I knew it was the end of an era, but I didn't realize how serious it was.  
Because that night, I put Him in bed like always, and like always He pulled the blankets up to His chin, rolled over onto His side, and went to sleep.  Maybe it was a one time thing.
But later, the peace of the morning was shattered, sort of literally, by the sound of a huge crash, something glass smashing, and then, after the briefest vacuum of silence (all parents know the terror of this moment), the hysterical screaming of my son.  
Peanuts you can believe I was on my feet and across the house before my brain had even fully registered those sounds.  
There are moments (many while driving in DC traffic) in which I have to believe in guardian angels, because nothing else can explain the miraculous escape from injury.  This was totally one of those times.  
Little Mister rose from the midst of epic wreckage like a giant at the end of a good smiting.  There were broken shards of green, a storm of pennies and quarters, and scattered random keys and little things.  Oh.  And an iPad.  

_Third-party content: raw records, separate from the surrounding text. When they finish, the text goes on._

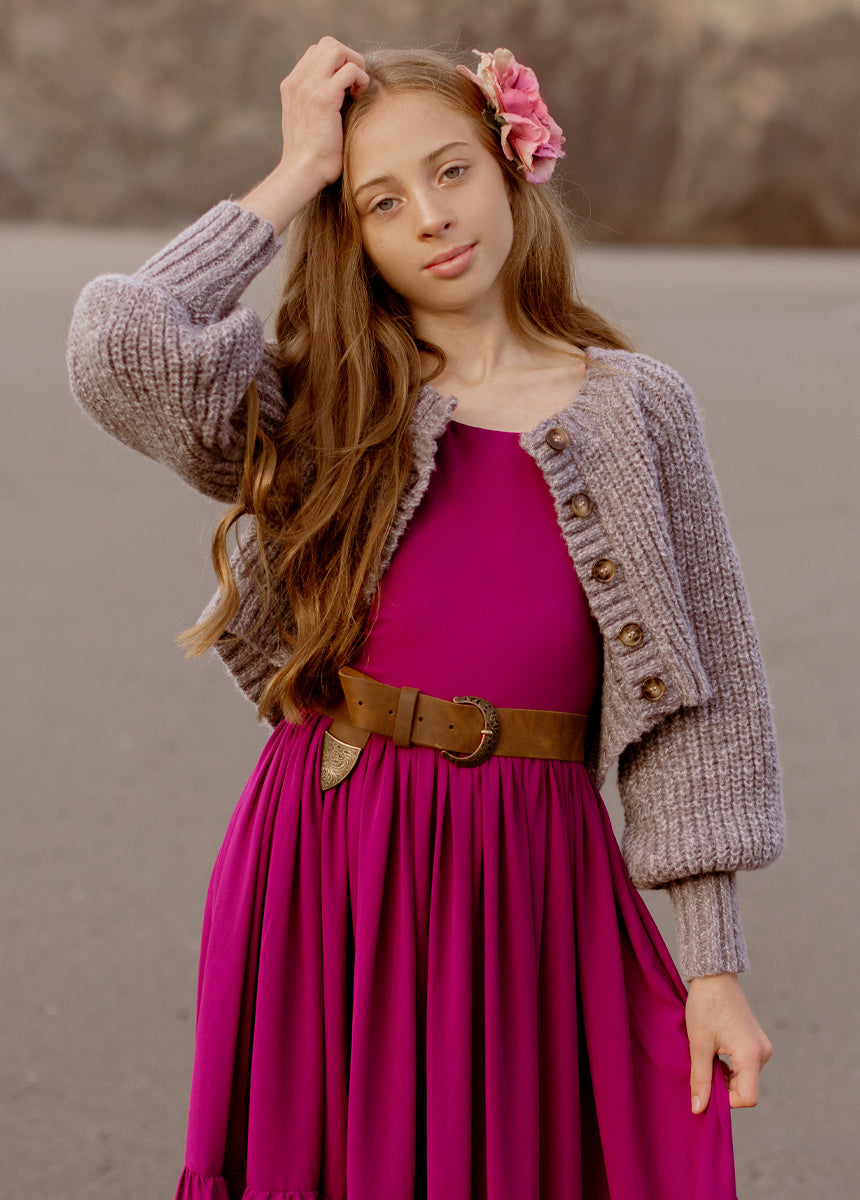 Minnie Cardigan in Cool-My Prom Time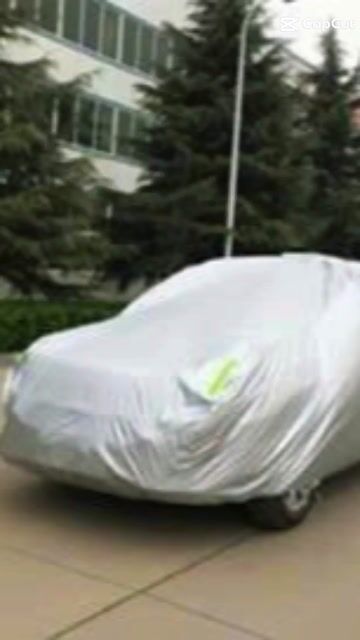 Áo trùm xe ô tô 4 chỗ Xám. Mua bán Phụ tùng xe tại Quận 8 Tp Hồ Chí Minh được đăng bởi NGUYỄN THỊ MỸ DUNG hình 1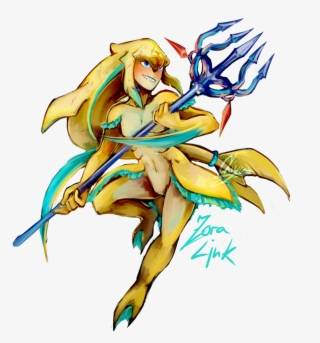 After I Accidentally Deleted All My Drawn Pictures - Zora Link #8917056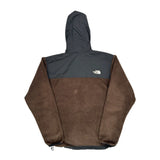 The North Face Fleece Jacket - Medium Brown Polyester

Mister had awakened first, let Himself out of bed, and wandered out of His room to spy an iPad sitting on the high shelf over our entry table.  It was up there, of course, to be out of sight, out of mind, out of reach.
He pushed a big chair over to the table, climbed up, and must have stood on His very tip-toes on that narrow table to reeeeaaaaaach for His prize.  Something went wrong there, because the iPad, the shelf, the Boy, and the big ceramic dish full of change all took a big leap into the arms of gravity and hit the linoleum by the front door.  Pennies for miles.  Pennies for days.  Pennies in places we didn't know we could find pennies. 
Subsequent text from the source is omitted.